Schrumpfender politischer Spielraum

Die Verabschiedung mehrerer Gesetze und weitere angekündigte Reformen deuten indes darauf hin, dass der politische Spielraum für regierungskritische Positionen links wie rechts weiter schwinden wird. Ende November beschloss das Parlament, dass die Propagierung von Sanktionen gegen Venezuela künftig mit bis zu 30 Jahren Gefängnis und praktisch lebenslangen Antrittsverboten geahndet wird. Eine derzeit diskutierte Reform der Wahlgesetze läuft voraussichtlich darauf hinaus, dass an den für 2025 vorgesehenen Parlaments-, Regional- und Kommunalwahlen keine Kandidat*innen teilnehmen dürften, die das Ergebnis der Präsidentschaftswahl nicht anerkennen. Dies könnte den Großteil der rechten Opposition sowie linke Regierungskritiker*innen treffen und Maduro wieder sichere Mehrheiten garantieren. Übrig bliebe nur eine moderate Opposition, die der Regierung kaum gefährlich werden kann und in vielen Fällen selbst Regierungspositionen vertritt. Innerhalb der rechten Opposition könnten in der Folge erneut undemokratische Strategien Oberhand gewinnen.
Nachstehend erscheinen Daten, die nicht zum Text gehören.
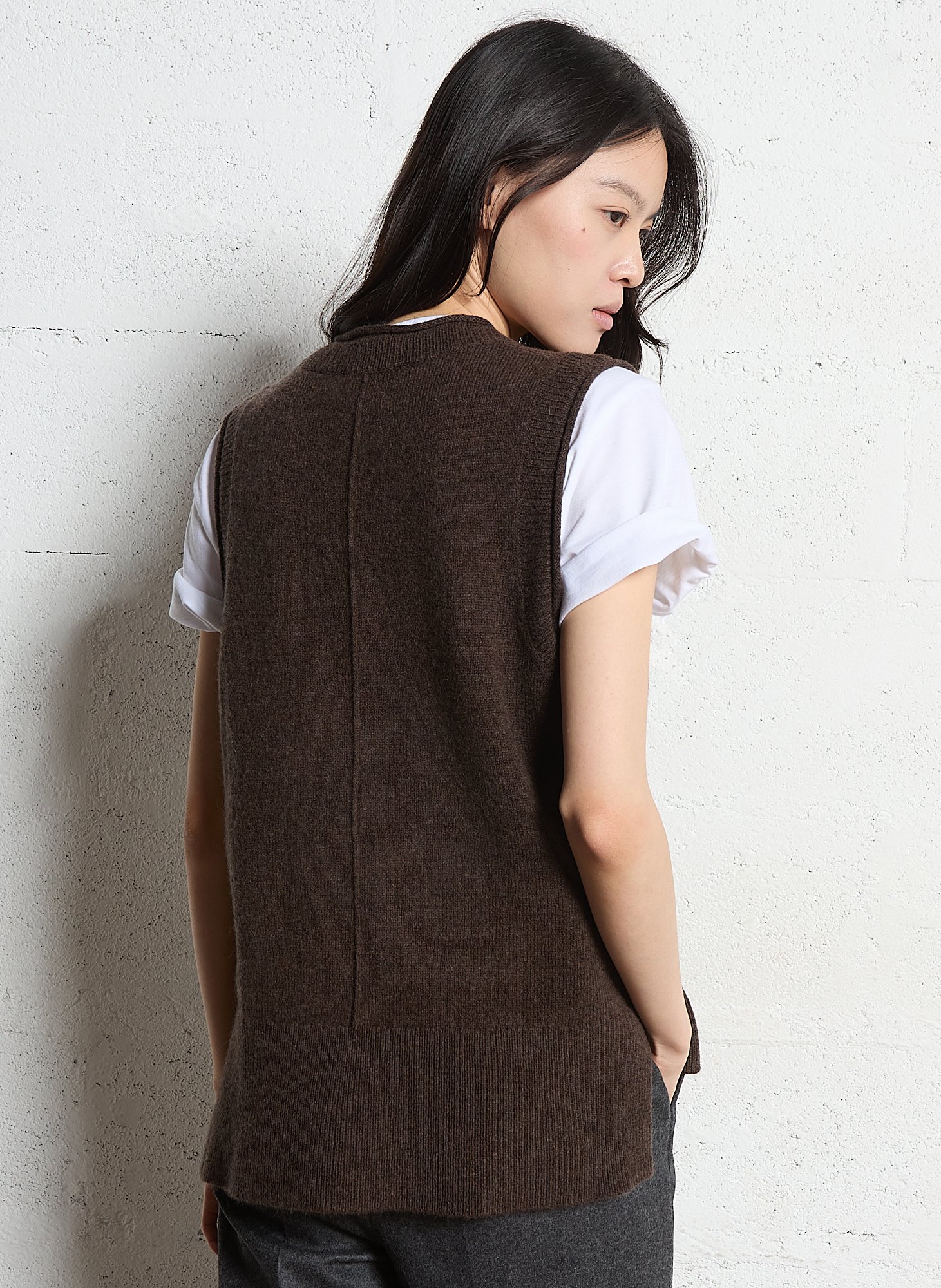 Pull col V sans manches uni en laine MAISON 123 Marron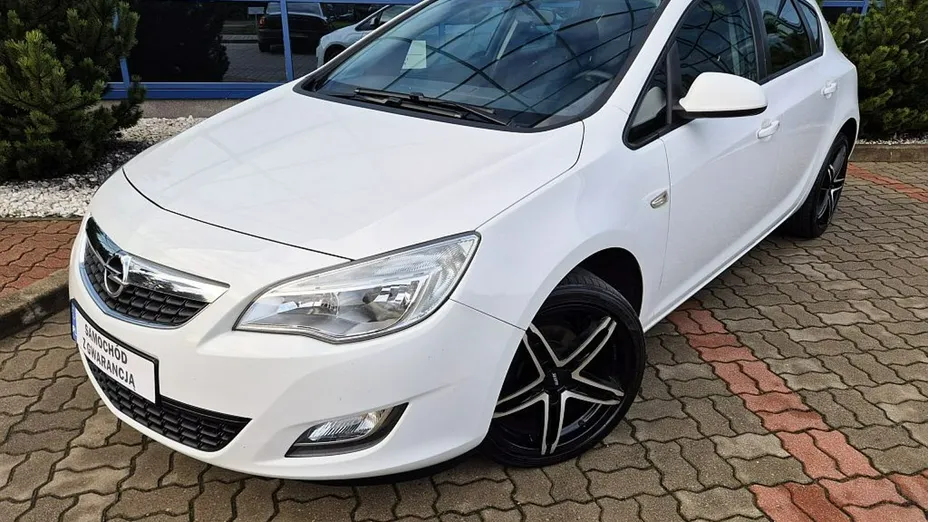 OPEL Astra -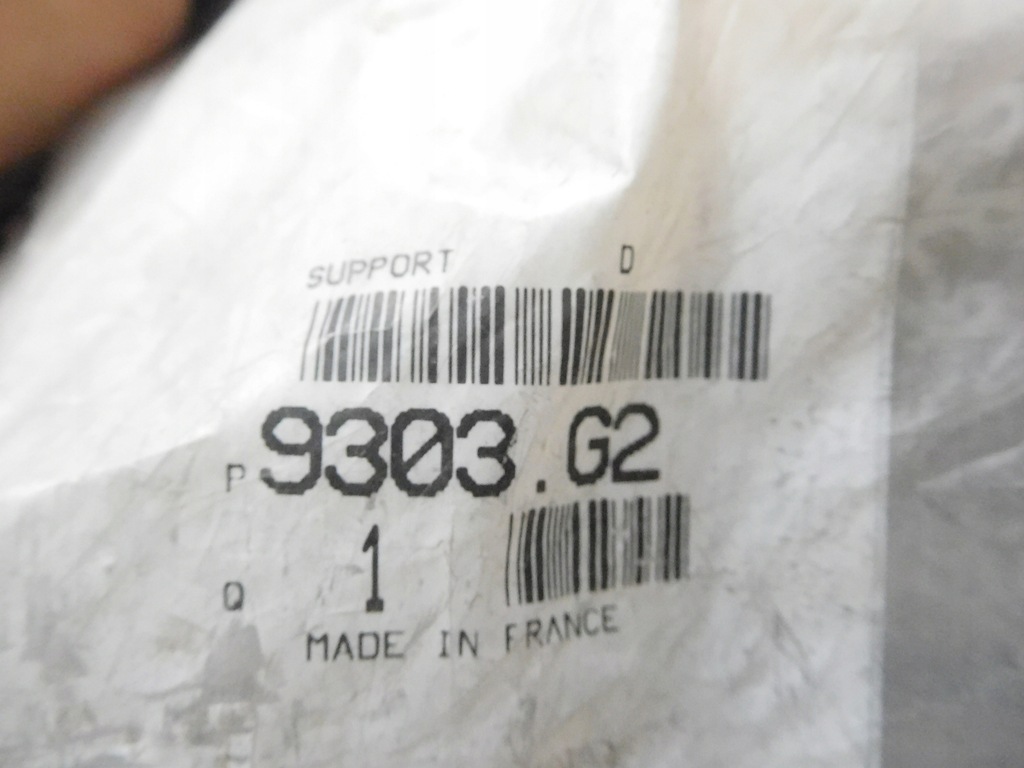 фото №6, Направляющая стекло правая peugeot 306 оригинальный номер 9303.g2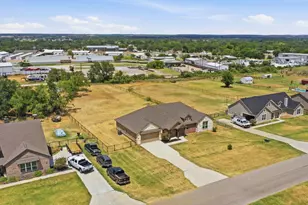 1009 Northern Oaks Ct, Springtown, TX 76082 - Photo 35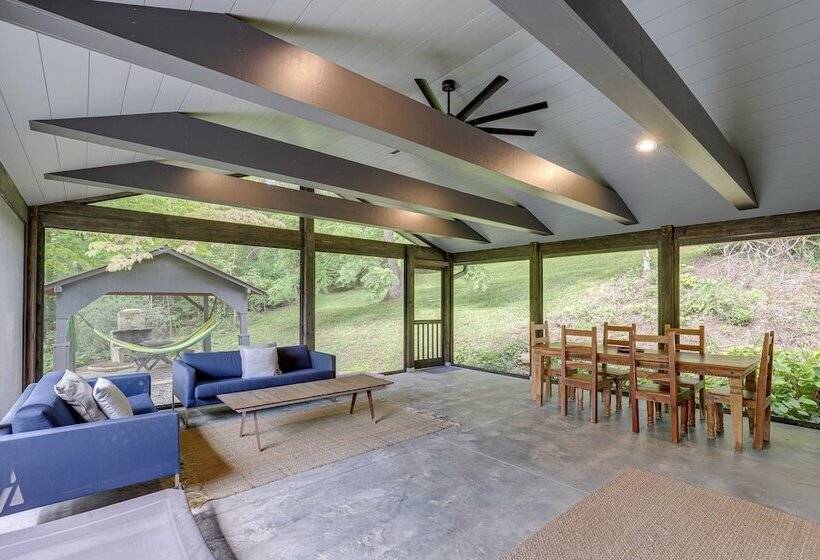 Brevard Retreat: Fireplace, Deck & Screened Porch!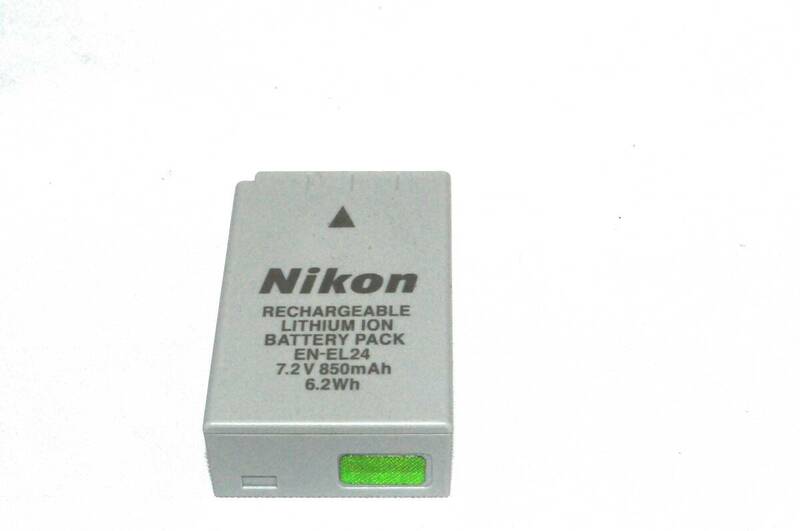 Nikon ニコン 純正バッテリー EN-EL24 　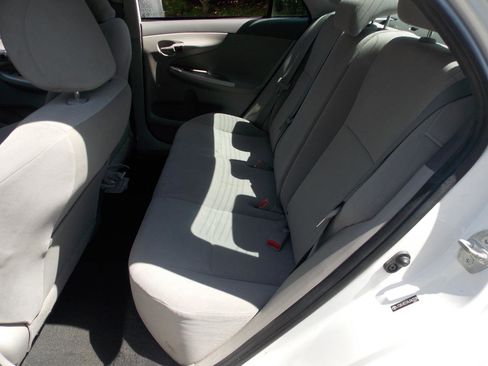 Used 2010 Toyota Corolla image 18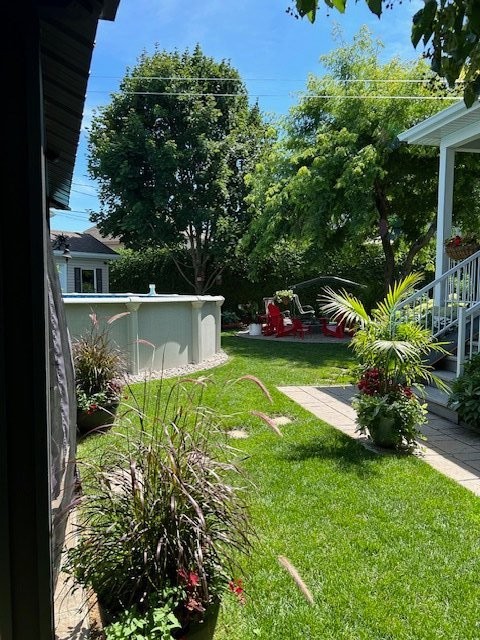 









739


Rue Aragon

,
Beloeil,




QC
J3G6K9

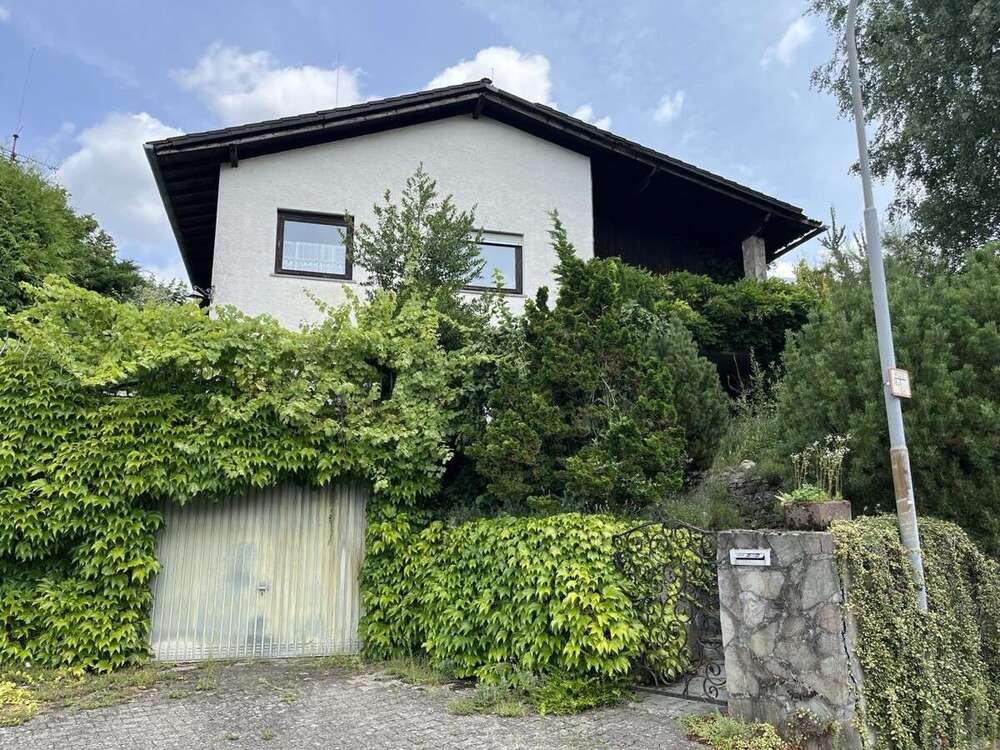 Thumbnail-Haus zum Kaufen in Nidderau-Windecken 450.000,00 € 196.22 m²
Die regierungskritische Linke steht nun vor der Herausforderung, sich zugleich gegen Einmischung von außen als auch gegen Maduros Bestrebungen, das linke Feld durch eine Mischung aus Drohungen und Einbindungen komplett zu besetzen, behaupten zu müssen. Seit der staatlichen Intervention in die Parteistrukturen der Kommunistischen Partei Venezuelas (PCV) im vergangenen Jahr verfügt sie über keine Möglichkeit mehr, eigene Kandidaturen aufzustellen. Derweil versuchen dissidente chavistische Basisgruppen und Politiker*innen, sich nach der Wahl in neuen Bündnissen zu formieren. Insgesamt ist dieser Sektor aber derzeit zu schwach, um nennenswerten politischen Einfluss zu nehmen. Am 9. Dezember 2024 gründete sich etwa die neue linke Strömung Comunes. Diese positioniert sich sowohl gegen die Maduro-Regierung als auch die rechte Opposition und will Kämpfe von unten unterstützen. Die Gruppierung geht aus der «Anderen Kampagne» («otra campaña») hervor, die regierungskritische Chavist*innen im Vorfeld der Präsidentschaftswahl ins Leben gerufen hatten. Als Partei einschreiben kann sich Comunes unter den derzeitigen politischen Bedingungen jedoch nicht.